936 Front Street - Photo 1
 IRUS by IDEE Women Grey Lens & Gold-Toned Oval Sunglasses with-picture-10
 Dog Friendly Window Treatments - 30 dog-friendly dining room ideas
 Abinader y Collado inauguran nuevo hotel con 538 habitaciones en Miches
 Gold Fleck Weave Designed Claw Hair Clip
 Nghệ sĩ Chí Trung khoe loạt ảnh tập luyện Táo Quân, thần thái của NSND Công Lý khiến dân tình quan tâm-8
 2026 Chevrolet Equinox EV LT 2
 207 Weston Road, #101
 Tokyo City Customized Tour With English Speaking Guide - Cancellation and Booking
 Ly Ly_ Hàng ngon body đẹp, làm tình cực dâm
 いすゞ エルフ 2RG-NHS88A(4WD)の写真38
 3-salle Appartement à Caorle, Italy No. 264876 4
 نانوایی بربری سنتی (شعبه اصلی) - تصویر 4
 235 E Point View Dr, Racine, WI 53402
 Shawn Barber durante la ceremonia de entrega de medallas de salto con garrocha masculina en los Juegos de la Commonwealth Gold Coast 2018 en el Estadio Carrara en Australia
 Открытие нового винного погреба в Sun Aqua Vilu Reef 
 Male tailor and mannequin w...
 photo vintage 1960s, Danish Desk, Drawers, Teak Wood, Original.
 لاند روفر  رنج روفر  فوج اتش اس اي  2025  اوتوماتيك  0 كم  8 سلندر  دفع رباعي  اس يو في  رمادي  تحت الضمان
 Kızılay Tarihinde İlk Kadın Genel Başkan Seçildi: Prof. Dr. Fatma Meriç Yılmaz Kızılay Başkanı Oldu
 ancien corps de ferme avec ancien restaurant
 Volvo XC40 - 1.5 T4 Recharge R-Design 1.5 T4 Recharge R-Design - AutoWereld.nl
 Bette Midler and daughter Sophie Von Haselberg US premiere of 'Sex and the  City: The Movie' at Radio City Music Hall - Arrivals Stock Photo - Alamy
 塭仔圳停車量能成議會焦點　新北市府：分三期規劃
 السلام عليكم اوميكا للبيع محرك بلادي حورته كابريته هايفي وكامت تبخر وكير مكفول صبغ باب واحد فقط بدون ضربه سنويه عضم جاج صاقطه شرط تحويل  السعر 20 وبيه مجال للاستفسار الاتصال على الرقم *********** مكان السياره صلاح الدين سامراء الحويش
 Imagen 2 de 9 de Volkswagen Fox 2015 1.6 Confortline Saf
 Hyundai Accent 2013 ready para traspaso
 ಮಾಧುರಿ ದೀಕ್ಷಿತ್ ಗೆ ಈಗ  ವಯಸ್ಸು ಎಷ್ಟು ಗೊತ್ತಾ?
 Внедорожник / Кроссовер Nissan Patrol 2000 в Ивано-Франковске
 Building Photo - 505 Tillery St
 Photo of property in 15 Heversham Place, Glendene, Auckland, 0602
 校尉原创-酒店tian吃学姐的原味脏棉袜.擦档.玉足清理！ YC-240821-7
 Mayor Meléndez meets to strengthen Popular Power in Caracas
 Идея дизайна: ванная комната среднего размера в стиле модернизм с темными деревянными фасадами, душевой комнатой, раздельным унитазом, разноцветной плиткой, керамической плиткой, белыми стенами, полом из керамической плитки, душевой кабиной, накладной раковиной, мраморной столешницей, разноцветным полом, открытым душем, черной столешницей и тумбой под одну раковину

|---|

§ What you should do: In the listing above, find the line with "235 E Point View Dr, Racine, WI 53402" and the line with "photo vintage 1960s, Danish". Output those two lines and every line between them, exactly as written.

§ Your solution:
 235 E Point View Dr, Racine, WI 53402
 Shawn Barber durante la ceremonia de entrega de medallas de salto con garrocha masculina en los Juegos de la Commonwealth Gold Coast 2018 en el Estadio Carrara en Australia
 Открытие нового винного погреба в Sun Aqua Vilu Reef 
 Male tailor and mannequin w...
 photo vintage 1960s, Danish Desk, Drawers, Teak Wood, Original.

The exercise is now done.